We hosted a webinar on October 14, 2021 explaining what is in these bills for Safe Routes to School, walking, and bicycling and what is going on with the connection between these two bills. If you missed it or want to re-visit the recording or slidedeck, you can find both here.
As we eagerly await the passage of these two bills, there are several actions advocates, agency staff, and others can take to prepare for when these bills become law:
For Safe Routes to School and safety advocates: Encourage your state department of transportation to use Highway Safety Improvement Program funds as a match for projects funded through the Transportation Alternatives Program. This bill will make HSIP funds eligible to be used as a match for TAP projects that promote safety. That means that if a state DOT chooses to use HSIP funds as a match, a project can be done entirely with federal funds – no local match required!
For state departments of transportation: Eligibility for Transportation Alternatives program is not changing, so the same types of projects are still eligible, and now there will be significantly more funding available. We expect it will take the Federal Highway Administration several months to issue guidance on the program. Because eligibility for projects is unchanged, we encourage you to keep administering the program while guidance is under development.
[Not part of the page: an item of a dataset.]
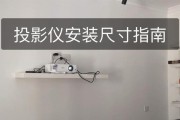 实心墙安装投影仪有哪些步骤？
For Safe Routes to School advocates, this bill brings the Safe Routes to School program into current law. While it does not apportion funding specifically to the program, it conveys that Congress cares about this program and wants it to continue. Use this as an opportunity to talk with your state DOT, state legislators, metropolitan planning organizations, and other decisionmakers about the value and importance of Safe Routes to School in your state or community. Speak with state DOT decisionmakers about how they can reflect congressional support of the Safe Routes to School program in the way they administer the Transportation Alternatives program.
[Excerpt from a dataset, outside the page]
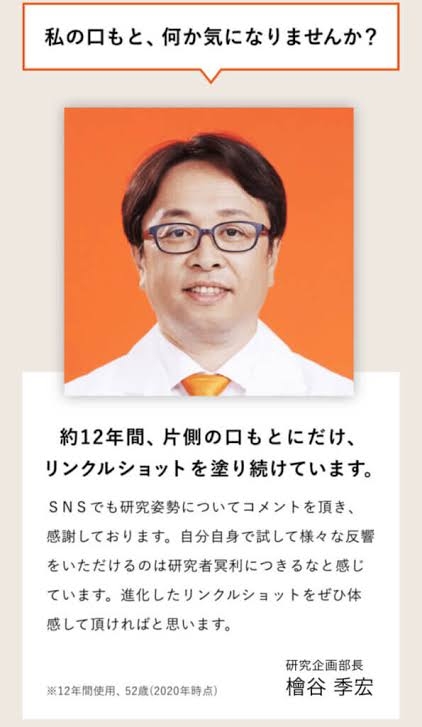 シワ改善化粧品で本当に改善した方いますか？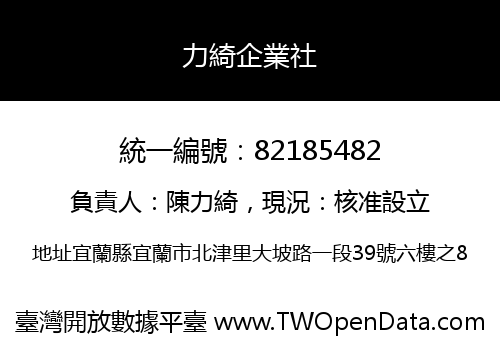力綺企業社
For anyone interested in voicing their support for the Safe Routes to School program and the Transportation Alternatives Program: Contact your House member and share that you support the Safe Routes to School program and the Transportation Alternatives Program included in the Infrastructure Investment and Jobs Act. This bill has already passed the Senate, so if you want to contact your member of Congress, contact your House representative.
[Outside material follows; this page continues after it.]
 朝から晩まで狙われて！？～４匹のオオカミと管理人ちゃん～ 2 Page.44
For state DOTs, Safe Routes to School, walking, and biking advocates: Learn how state DOTs are currently defining “high need” communities and prioritizing “high need” communities in project selection. To get started, review our report on State Funding for Walking, Bicycling, and Safe Routes to School Appendix A, which details how states are currently doing this. Another report to reference is Harvard School of Public Health research on Practices that Promote Access to Safe Routes to School Programs in Vulnerable Communities.